Sazka has stated that the lottery has lost 8.5 million players in recent times for one reason or another. Garland was responsible for the global rollout of the X-Factor television programme, and he worked closely with David and Victoria Beckham when they were creating their own brands. It is due to this that Sazka was more than happy to have him included in its advisory team.
Speaking on his appointment to the team, Garland said:
“The National Lottery was once a staple of British entertainment, but in the era of Netflix, podcasts and video games, it needs to adapt to changes in customer behaviour. But in order for this to happen, the National Lottery must have a digital-first operator with a track record of turning underperforming lotteries into cherished household brands. This is exactly what Sazka Group do – together we are working on proposals that will make the British public fall back in love with this vital institution”.
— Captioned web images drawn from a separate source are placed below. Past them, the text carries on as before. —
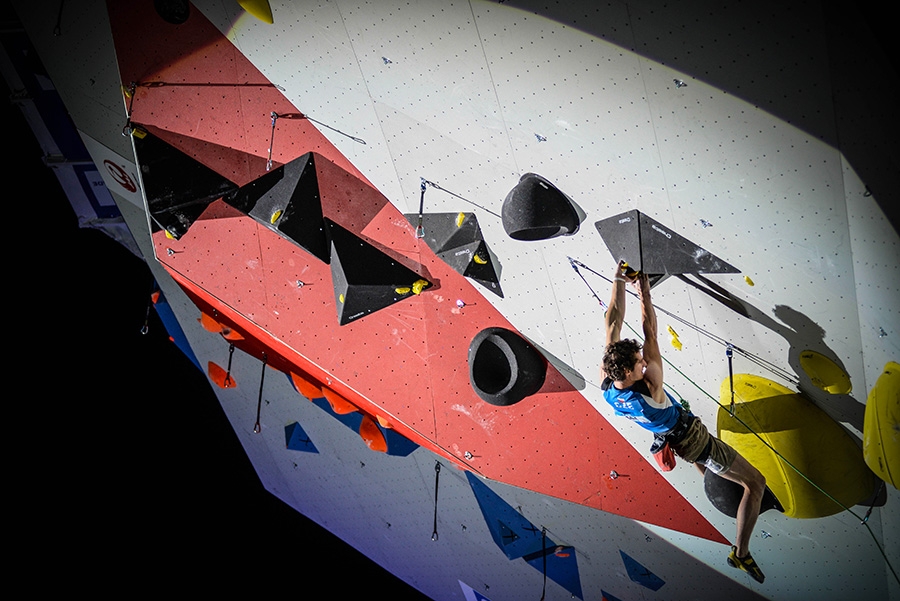 Lead Climbing World Cup 2019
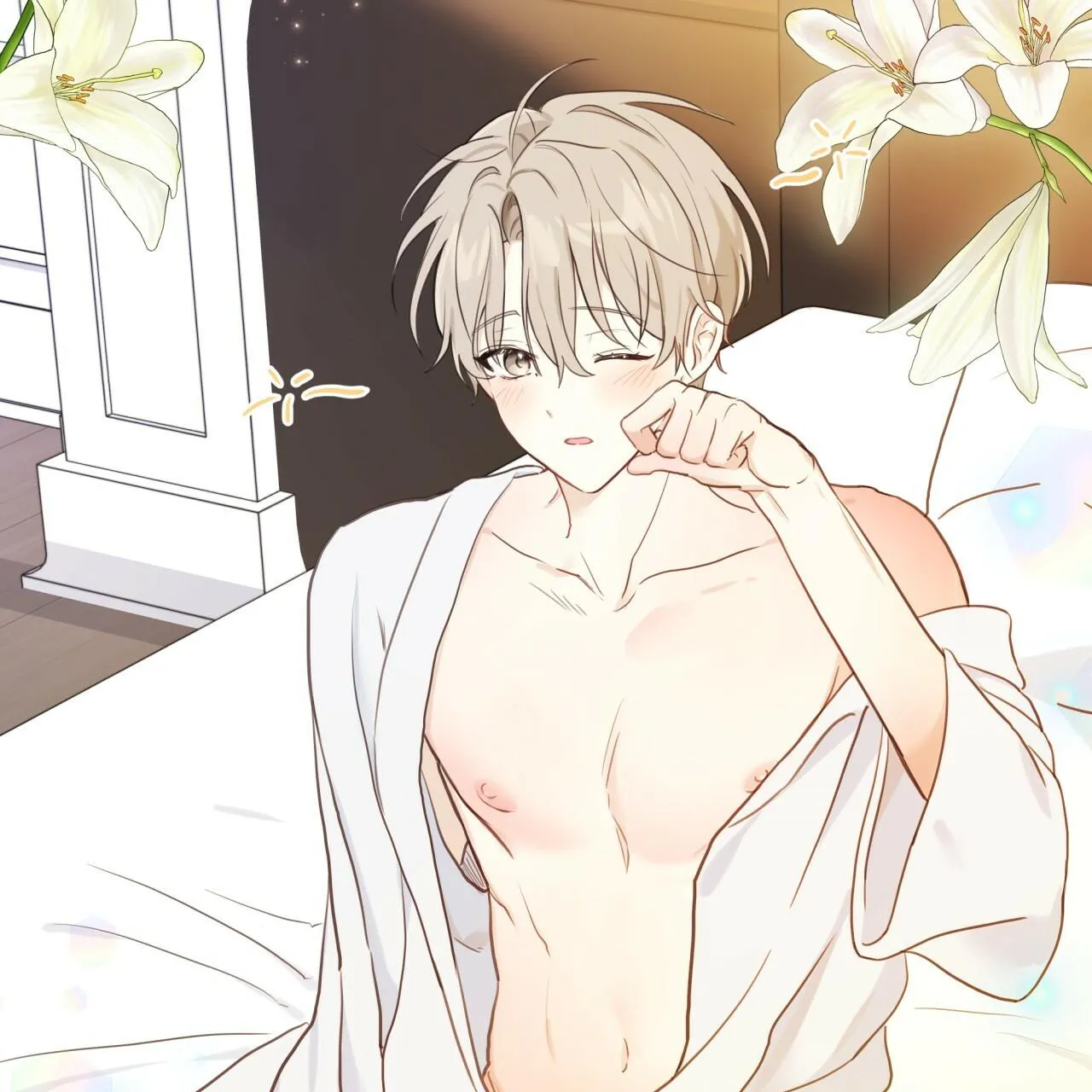 NGỌT NGÀO NÀY ĐỀU LÀ THẬT SAO? Chapter 3 Trang 10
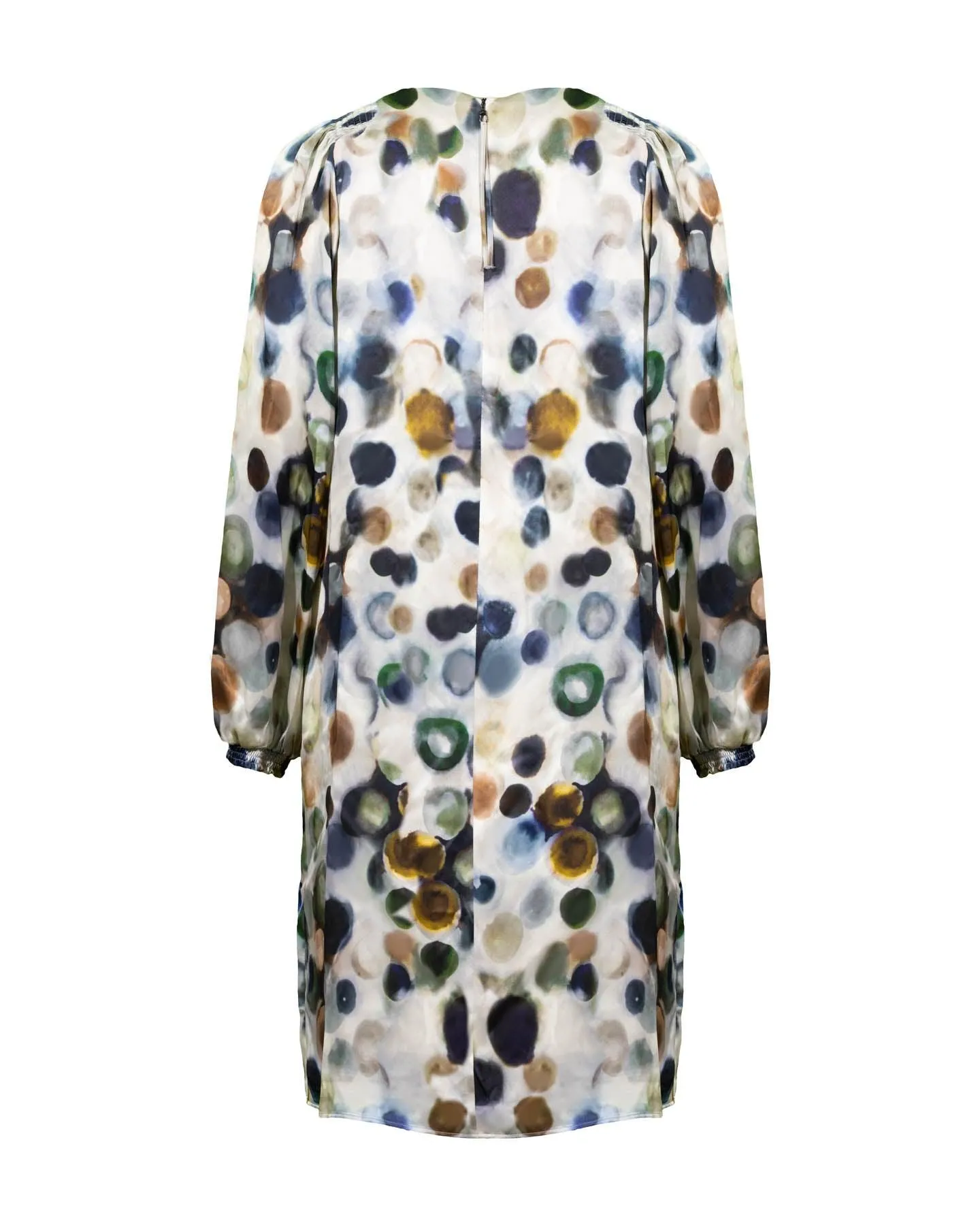 Bubble Print Dress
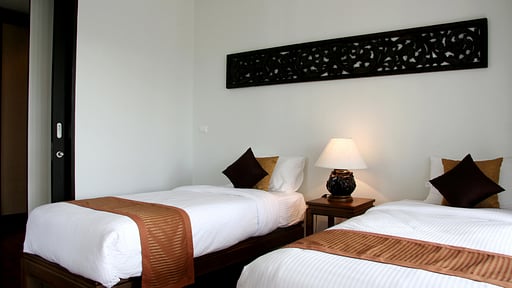 Kata Gardens 4C Bedroom 2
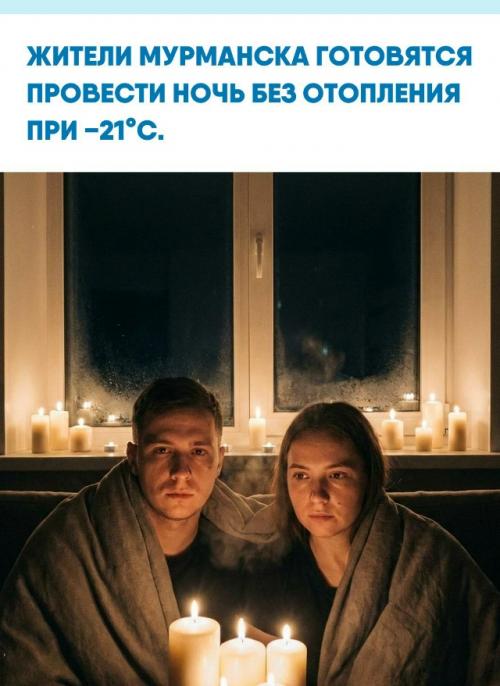 В регионе произошла очередная авария, которая спровоцировала блэкаут сразу в двух городах.  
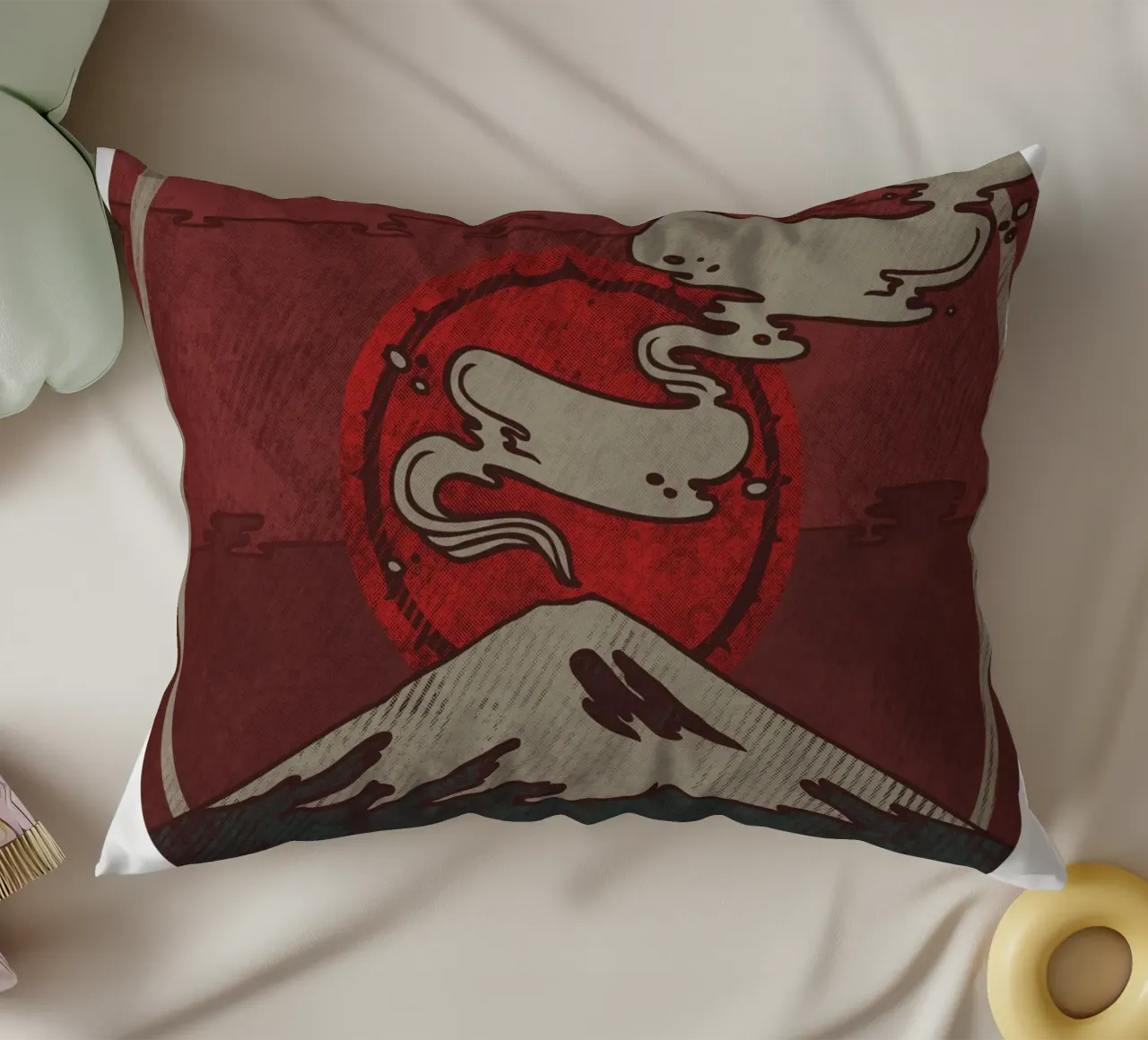 Fuji cuscino da againstbound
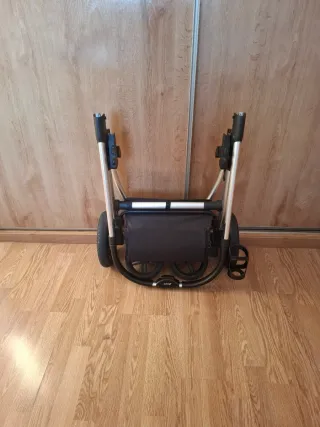 Silla de paseo Hauk Todoterreno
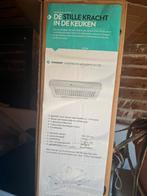 Afzuigkap, Ophalen of Verzenden, Nieuw, 25 tot 50 cm, Minder dan 100 cm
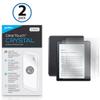 BoxWave Screen Protector Compatible with Amazon Kindle Oasis (1st Gen 2016) - ClearTouch Crystal (2-Pack), HD Film Skin - Shields from Scratches for Amazon Kindle Oasis (1st Gen 2016) view 2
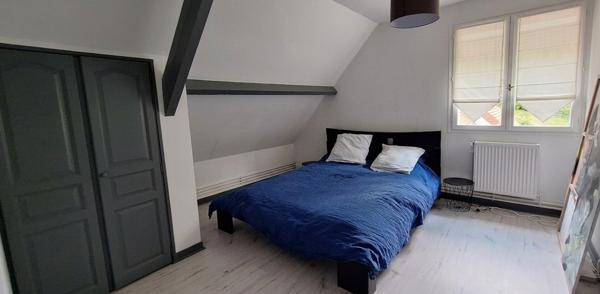 Maison 7 pièces vivable de plain pied à 4 minutes de la N2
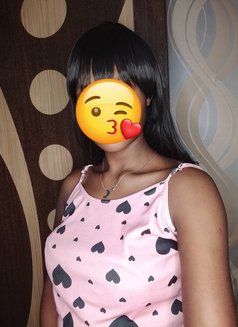 African Escort Girl 🥶 Ac Room 🥶🌬️ - escort in New Delhi Photo 7 of 7
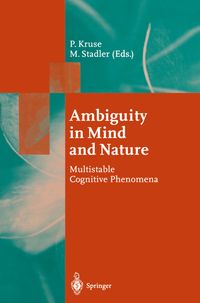 Produktbild: Ambiguity in Mind and Nature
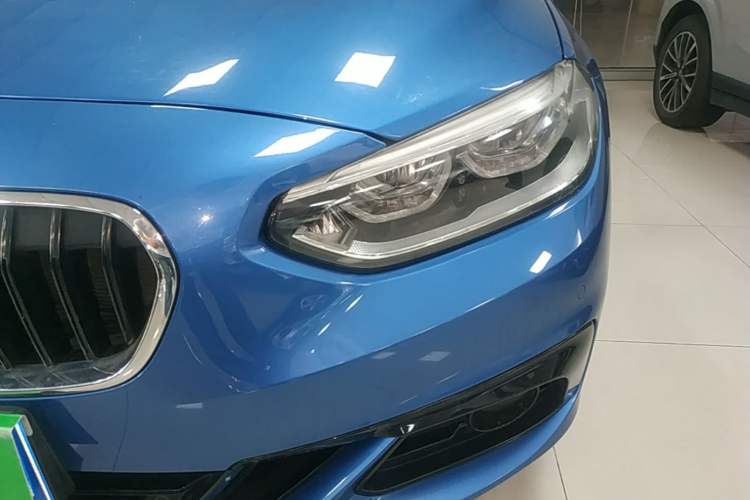 Used BMW 1 Series 2017 125i Sport Model Left Front Headlight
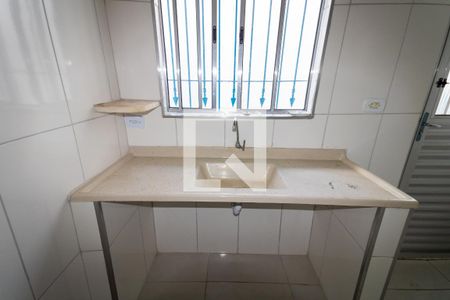 Casa para alugar com 50m², 1 quarto e 1 vaga Casa para alugar com 50m², 1 quarto e 1 vagaCozinha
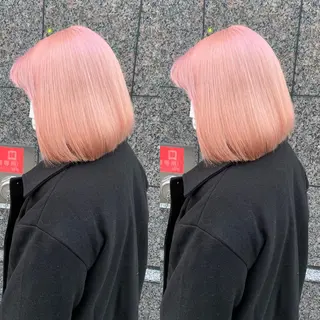 ショート S.SWEET 河原町店のヘアスタイル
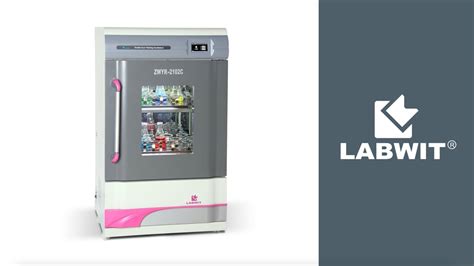 Labwit Shaking Incubator Cheapest Factory Bharatagritech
The winning applicant for the National Lottery 2023 licence will be announced in September of this year. Camelot will likely remain a strong contender for that licence, although Sazka is putting itself forward as a massive competitor too, thanks to its various exceptional achievements across Europe.
It is thought that bidders are looking into technology that will use localised marketing as a way of informing players about nearby lottery ticket sellers.
Sazka Holds Itself in High Esteem
Not only does Sazka have the best praise for itself and its accomplishments so far, but it is ultimately happy with the team that it has put together so far. Remarking on Justin King’s expert knowledge of UK retail and the complex supply chains, the operator was quick to state that he led the turnaround of Sainsbury’s performance. This led to him delivering 36 consecutive quarters of sales growth and profit.
At the same time, King was praised by Sazka for his revitalisation of the supermarket’s social responsibility commitments by spearheading a partnership between it and Comic Relief. This saw £1 of every £10 spent in store donated to the charity, and it was due to these efforts that he was awarded a CBE in 2011.
The likelihood is also that Sazka has not finished bringing experts on board. With Mills leading the way, and now Hoberman, King and Garland adding their expert knowledge to the efforts, there is little doubt that the operator poses a large threat to Camelot being able to obtain the licence again.
However, there could be a bit of a dark horse working in the favour of Camelot in the form of newsagents in the UK. Many stores have hit back at the plan for tickets to only be sold online. While Sazka is definitely looking to reinvigorate the lottery in the UK, the National Federation of Retail Newsagents president Stuart Reddish stated that the lottery has been about supporting local communities since its inception in ’94. He said that taking the lottery online completely makes no sense, especially at the time when people are rediscovering the benefits of shopping at their local convenience stores. Camelot could potentially use that as a way of keeping itself firmly in the running for the fourth licence.